“Prompt engineering” sounds more mystical than it is. In practice: the clearer you state the job, the less the model wanders. Not much mystique left after that.
What a prompt is doing
Instructions, questions, and context you send the model are all prompts. Images and PDFs get encoded into vectors in multimodal setups—roughly, they’re speaking too, just in another channel.
There are precise attention-level explanations online. The mental model I use day to day is simpler: treat semantics like points in a space; nearby points are easier to retrieve together; the model is doing probability prediction. A precise prompt makes it more likely to land where you want. That’s a working metaphor, not a paper claim.
So the job is usually: be more accurate, hallucinate less, keep the format stable, and occasionally watch cost and latency.
The word “engineering” matters to me because of repeatability—can I reuse the pattern, fix it when tests fail, and handle edge cases? Pretty prose that only works once isn’t engineering.
How I assemble prompts
I don’t fill every slot every time, but these are the parts I keep in mind:
- Task: required. What should it actually do?
- Steps / conditionals: add them as soon as the job gets branching; otherwise the model invents a process.
- Constraints and prohibitions: what to do and what never to do. Fine to merge when simple.
- Format / template: essential for structured output; put real filled examples inside the template.
- Examples: beat adjectives. One good sample outperforms “be professional and thorough.”
- Role / persona: optional. Useful for medicine or law; skip the “senior expert” costume for plain extraction.
Background too—include it when you have it, don’t invent filler. Cut distractors and repetition. When the payload gets dense, Markdown sections help the model as much as they help you.
Examples I’ve actually used
1. A narrow goal is enough
In a spreadsheet automation flow:
From OCR text, extract dollar amounts starting with
$and return the absolute value.
Input: USD: $280.37; CNY: ¥1953.73; → 280.37. No role, no essay. The task was already narrow.
2. Get the conditionals right
This is where drafts quietly lie to themselves. I’ve seen rules that said “if progress isn’t 100%, mark completed”—which contradicts the examples. The coherent version is:
- task count = 0 →
cancelled - count ≠ 0 and progress = 0% →
not started - count ≠ 0 and progress = 100% →
done - otherwise →
in progress - return exactly one label, no commentary
So 85% / 12 → in progress; 0% / 0 → cancelled; 0% / 5 → not started.

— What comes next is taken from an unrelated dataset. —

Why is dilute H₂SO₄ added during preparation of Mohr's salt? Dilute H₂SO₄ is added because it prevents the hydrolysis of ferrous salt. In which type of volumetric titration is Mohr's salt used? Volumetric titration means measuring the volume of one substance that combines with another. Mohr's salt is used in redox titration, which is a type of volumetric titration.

A wrong rule beats any amount of model obedience.
3. Naming helper: rules + examples
Translate terms, propose camelCase / PascalCase / snake_case (both cases), suggest abbreviations, flag ambiguity. Pin the output shape with examples and demand “results only, no reasoning.” That pattern has been stable across several chat models I’ve tried.
4. Small local models need hard templates
On a local qwen2.5-7b I’ve done TCM vs Western diagnosis classification and history-field extraction. A light clinician role helps; forcing TSV and rejecting anything else helps more. With smaller models, templates and prohibitions usually outperform “please be professional.”

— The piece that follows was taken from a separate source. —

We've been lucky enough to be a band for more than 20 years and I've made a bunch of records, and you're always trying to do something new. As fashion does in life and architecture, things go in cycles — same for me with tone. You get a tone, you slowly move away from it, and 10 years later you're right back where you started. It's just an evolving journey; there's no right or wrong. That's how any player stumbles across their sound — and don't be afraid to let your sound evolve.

If you want something more systematic, push toward Skills—separate steps, constraints, templates, and examples. I keep a private note on that: How to write a Skill that outputs stably.
Closing
My order is fixed by now: task first, then conditionals and constraints, then examples or templates for the shape. Adjectives last, if at all.
There’s no silver bullet—just feel. Feel comes from repeatedly replacing “I assumed it would understand” with “I wrote it down so it could.”